■ Prompt
Using the records below, quote only the span that opens with the line containing "Sonal Desert Camp Jaisalmer" and closes with the line containing "Single line art", exactly and inclusively.

───── Data for this exercise ─────

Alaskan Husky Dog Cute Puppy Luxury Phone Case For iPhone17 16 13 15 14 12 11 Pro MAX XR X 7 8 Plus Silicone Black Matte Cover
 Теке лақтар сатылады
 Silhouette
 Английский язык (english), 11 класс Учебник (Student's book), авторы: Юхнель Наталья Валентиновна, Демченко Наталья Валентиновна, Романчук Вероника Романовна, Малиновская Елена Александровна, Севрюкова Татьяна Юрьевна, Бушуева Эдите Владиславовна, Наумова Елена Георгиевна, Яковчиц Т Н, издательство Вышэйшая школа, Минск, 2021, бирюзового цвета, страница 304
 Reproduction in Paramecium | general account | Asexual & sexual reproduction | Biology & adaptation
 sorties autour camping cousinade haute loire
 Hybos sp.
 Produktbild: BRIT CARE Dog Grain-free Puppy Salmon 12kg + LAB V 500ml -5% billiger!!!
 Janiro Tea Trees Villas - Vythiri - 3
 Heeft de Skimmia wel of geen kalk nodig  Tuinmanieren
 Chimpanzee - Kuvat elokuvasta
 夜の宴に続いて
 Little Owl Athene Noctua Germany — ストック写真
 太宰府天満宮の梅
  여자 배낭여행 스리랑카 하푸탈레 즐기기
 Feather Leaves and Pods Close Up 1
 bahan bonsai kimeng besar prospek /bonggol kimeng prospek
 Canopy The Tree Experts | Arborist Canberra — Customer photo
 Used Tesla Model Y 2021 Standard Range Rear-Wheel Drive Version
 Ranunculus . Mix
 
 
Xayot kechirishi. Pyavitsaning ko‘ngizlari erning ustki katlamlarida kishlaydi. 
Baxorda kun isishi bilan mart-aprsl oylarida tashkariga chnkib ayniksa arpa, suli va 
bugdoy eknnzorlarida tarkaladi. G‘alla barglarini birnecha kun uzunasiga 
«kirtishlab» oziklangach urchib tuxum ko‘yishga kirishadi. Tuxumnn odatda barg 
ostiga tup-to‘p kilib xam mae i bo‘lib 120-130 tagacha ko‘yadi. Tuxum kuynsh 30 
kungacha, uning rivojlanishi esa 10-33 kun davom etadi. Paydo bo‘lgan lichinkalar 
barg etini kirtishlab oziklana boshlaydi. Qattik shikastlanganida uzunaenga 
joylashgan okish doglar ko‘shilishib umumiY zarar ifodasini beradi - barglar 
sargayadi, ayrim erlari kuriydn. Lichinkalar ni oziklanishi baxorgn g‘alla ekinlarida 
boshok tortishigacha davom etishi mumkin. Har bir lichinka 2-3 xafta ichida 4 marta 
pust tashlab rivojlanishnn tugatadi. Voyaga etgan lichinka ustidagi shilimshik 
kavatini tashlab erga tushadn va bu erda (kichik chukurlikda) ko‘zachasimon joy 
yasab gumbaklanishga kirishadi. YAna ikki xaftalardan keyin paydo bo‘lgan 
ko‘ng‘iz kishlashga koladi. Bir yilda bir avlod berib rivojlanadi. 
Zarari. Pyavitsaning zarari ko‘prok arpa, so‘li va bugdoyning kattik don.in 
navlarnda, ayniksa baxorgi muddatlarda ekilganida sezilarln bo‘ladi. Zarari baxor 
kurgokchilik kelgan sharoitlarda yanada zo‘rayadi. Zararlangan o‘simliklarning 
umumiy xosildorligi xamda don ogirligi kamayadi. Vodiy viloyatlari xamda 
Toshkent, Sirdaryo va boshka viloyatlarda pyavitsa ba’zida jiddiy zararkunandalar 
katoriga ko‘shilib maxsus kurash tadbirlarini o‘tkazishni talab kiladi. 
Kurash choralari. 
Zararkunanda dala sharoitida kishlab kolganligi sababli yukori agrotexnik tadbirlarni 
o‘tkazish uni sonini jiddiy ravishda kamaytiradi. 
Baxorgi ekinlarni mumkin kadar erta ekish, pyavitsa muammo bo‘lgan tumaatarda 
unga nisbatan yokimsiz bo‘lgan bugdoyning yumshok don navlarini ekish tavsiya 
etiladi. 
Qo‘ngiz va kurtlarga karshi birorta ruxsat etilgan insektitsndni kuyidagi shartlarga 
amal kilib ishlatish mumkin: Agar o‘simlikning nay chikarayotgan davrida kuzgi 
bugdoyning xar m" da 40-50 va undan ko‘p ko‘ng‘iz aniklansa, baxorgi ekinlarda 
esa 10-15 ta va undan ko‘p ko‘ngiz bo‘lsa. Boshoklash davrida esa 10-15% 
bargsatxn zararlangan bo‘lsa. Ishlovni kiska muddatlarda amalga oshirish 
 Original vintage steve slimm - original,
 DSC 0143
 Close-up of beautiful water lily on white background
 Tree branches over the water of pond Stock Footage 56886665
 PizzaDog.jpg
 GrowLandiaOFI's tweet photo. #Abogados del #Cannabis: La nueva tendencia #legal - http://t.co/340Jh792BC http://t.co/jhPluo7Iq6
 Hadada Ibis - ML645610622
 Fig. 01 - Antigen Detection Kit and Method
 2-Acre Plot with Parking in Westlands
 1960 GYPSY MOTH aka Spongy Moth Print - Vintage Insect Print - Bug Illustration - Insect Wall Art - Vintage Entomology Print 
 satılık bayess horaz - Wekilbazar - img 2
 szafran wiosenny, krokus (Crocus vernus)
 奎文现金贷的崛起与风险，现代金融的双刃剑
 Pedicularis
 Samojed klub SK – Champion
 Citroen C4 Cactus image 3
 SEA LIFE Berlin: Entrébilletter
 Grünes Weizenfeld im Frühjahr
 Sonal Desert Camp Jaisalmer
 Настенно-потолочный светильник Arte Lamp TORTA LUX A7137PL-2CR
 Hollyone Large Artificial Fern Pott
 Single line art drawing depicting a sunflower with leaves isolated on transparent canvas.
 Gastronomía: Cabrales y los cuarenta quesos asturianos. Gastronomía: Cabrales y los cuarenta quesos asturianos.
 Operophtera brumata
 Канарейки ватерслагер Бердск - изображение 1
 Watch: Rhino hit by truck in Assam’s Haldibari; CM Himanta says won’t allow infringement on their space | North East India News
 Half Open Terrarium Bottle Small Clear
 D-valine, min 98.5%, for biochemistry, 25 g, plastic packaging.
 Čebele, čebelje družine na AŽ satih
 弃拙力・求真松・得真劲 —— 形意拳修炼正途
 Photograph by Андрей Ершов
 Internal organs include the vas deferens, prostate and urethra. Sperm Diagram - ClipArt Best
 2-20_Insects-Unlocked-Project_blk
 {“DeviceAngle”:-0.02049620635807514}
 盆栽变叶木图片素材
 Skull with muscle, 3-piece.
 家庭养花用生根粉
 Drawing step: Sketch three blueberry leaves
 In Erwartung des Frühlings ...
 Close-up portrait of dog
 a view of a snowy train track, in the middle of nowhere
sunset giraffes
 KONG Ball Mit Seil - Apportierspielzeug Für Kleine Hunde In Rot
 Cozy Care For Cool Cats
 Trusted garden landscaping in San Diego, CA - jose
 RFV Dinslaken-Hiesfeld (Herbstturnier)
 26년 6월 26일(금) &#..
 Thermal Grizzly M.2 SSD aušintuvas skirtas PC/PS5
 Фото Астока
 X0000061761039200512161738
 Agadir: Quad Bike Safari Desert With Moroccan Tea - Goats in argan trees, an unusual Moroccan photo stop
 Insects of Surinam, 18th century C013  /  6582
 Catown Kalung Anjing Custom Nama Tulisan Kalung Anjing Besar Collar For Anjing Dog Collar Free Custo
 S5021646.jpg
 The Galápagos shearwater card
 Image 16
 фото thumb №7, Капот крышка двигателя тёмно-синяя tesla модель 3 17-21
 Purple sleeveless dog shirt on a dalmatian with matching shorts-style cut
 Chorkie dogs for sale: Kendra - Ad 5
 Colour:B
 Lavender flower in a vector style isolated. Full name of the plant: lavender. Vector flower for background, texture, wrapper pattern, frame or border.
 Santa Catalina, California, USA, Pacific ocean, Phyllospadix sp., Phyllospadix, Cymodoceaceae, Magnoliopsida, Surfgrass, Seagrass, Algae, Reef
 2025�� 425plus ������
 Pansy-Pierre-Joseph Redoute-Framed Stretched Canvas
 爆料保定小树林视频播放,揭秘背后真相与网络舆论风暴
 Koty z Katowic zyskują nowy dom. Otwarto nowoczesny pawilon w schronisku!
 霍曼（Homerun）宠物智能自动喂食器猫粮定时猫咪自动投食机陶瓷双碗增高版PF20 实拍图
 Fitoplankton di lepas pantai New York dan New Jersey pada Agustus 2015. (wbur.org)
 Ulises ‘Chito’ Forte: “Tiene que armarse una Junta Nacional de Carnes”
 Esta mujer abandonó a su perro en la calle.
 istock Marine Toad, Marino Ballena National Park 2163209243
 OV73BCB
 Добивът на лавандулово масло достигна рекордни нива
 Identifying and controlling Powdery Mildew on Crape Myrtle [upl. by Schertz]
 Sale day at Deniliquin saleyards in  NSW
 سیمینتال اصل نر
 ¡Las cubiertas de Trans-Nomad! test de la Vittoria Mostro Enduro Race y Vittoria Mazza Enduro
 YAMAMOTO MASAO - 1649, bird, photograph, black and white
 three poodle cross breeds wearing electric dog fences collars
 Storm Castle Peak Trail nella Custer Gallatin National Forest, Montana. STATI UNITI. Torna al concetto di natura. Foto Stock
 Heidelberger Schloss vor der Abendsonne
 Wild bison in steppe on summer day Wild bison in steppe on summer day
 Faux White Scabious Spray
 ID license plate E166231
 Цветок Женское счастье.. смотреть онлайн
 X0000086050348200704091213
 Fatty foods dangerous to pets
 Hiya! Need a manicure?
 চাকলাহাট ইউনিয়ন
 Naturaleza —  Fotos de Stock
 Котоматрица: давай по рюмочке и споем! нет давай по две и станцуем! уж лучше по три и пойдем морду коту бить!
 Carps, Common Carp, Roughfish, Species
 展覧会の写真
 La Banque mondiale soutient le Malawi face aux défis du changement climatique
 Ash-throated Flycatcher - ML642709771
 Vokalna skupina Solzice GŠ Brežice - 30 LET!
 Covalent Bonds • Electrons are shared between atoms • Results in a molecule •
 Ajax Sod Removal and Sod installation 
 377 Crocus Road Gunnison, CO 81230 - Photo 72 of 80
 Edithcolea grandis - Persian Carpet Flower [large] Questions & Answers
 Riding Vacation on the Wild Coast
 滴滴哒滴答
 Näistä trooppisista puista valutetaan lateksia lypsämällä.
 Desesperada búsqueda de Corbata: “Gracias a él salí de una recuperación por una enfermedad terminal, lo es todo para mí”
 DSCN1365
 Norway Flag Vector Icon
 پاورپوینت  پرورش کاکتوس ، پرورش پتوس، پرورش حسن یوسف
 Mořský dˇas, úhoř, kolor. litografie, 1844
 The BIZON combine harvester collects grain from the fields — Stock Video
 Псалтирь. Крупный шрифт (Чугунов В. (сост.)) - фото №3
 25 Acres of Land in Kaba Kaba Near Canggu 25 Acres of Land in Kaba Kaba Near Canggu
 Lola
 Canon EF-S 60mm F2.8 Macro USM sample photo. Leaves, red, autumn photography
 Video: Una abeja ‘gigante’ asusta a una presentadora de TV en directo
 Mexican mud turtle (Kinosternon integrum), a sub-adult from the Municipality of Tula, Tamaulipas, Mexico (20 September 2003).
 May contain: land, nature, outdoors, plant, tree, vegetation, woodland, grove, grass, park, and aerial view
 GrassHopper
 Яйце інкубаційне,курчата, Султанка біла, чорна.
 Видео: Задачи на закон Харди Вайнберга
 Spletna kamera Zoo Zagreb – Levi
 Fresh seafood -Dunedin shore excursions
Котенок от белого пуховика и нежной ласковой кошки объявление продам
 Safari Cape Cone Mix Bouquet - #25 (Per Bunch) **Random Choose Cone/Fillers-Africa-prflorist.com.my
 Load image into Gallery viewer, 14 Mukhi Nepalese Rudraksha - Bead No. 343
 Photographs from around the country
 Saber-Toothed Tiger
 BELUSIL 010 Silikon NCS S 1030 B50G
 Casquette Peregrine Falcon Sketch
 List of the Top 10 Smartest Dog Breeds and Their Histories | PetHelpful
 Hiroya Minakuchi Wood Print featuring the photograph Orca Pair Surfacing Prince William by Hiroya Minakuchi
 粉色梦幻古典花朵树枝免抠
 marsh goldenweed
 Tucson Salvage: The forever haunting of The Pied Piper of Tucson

─────

■ Answer section
 Sonal Desert Camp Jaisalmer
 Настенно-потолочный светильник Arte Lamp TORTA LUX A7137PL-2CR
 Hollyone Large Artificial Fern Pott
 Single line art drawing depicting a sunflower with leaves isolated on transparent canvas.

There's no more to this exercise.